Option 2 keeps enablement in a separated team and groups 3rd party tools management under a “Data Solutions” team to split the load of the “Data Infrastructure” and “Business Intelligence” teams.

Option 3 clearly separates different specializations (ML vs. A/B testing for example) creating specific teams to focus on those domains. It also optimizes for keeping the enablement work as part of the domain, against team topologies recommendations.

#4 Recommend a new structure and its trade offs

The final step is to present the alternatives to Senior Management and recommend one to be implemented.

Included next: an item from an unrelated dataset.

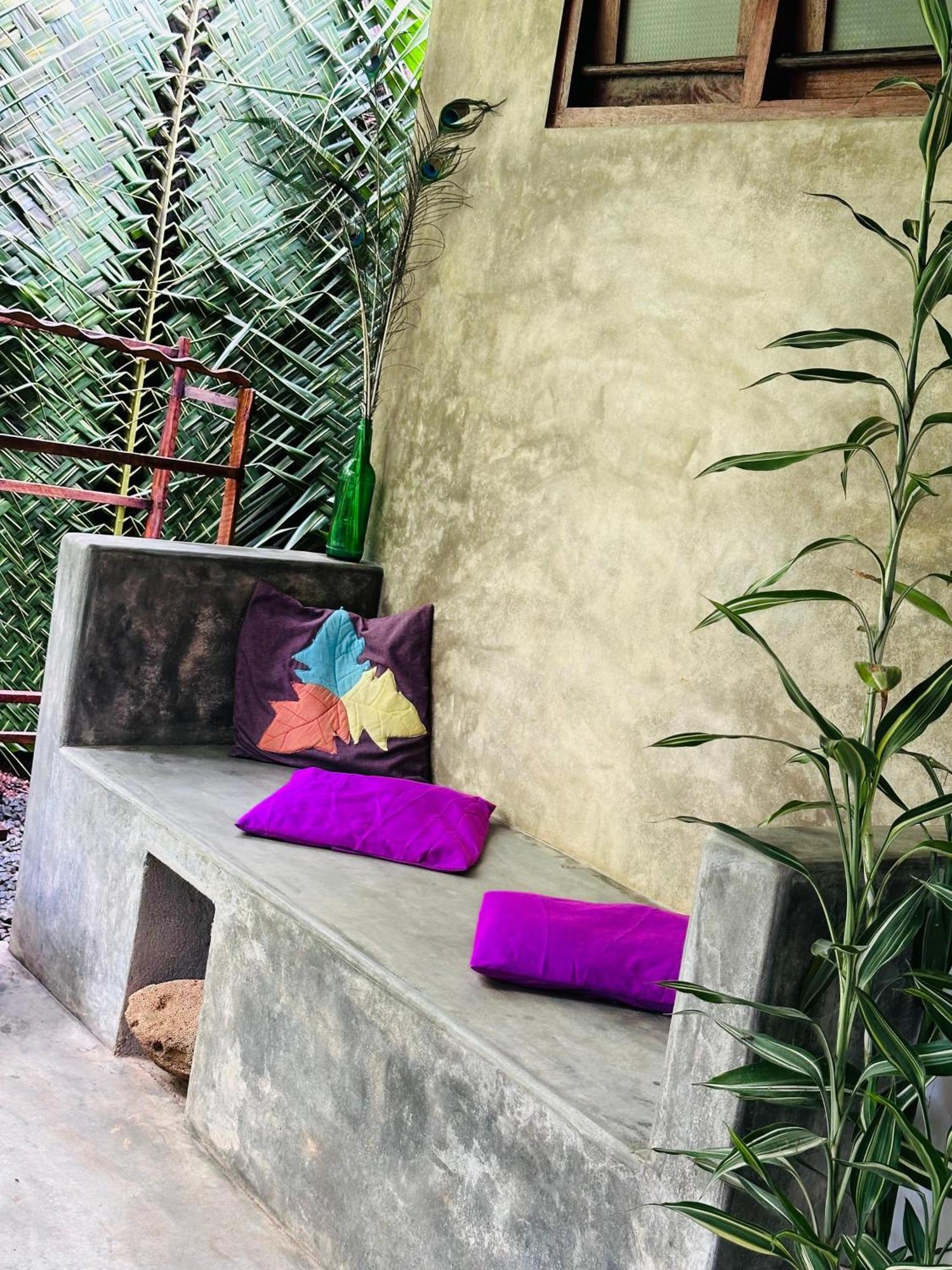 Venora Hiriketiya Bed & Breakfast Dickwella Exterior photo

In our example case, we believe “Option 3” has the best chances to succeed long term and allow for further growth and scalability of the team. The pros and cons for this choice are:

  • We explicitly separate work by domain (A/B testing vs. Machine Learning vs. Data Infrastructure vs. Datasets as Products) to allow individuals to focus and grow in a specific area.
  • Even though it means more teams with less number of people each, the capacity we have can support this fragmentation.
  • Because enablement work for each domain is tiny and particular, it makes no sense to bundle all enablement work under the same team. We optimize for keeping enablement work in the individual teams responsible for the technology because we believe it will feed back them better.
  • We feel it makes sense for the “Business Intelligence” team to be responsible for supplying the core data as a product to third-party analytics tooling as a trade-off between “Data Infrastructure” and “Business Intelligence” teams.

#5 Implement and iterate

After deciding on the best organization, you must communicate and implement the change. Two considerations must be made during this step:

You should be on the lookout for issues of contention and feedback from the new organization. You may wish to revisit the operating model in 3 or 6 months and make minor changes, and be receptive to it.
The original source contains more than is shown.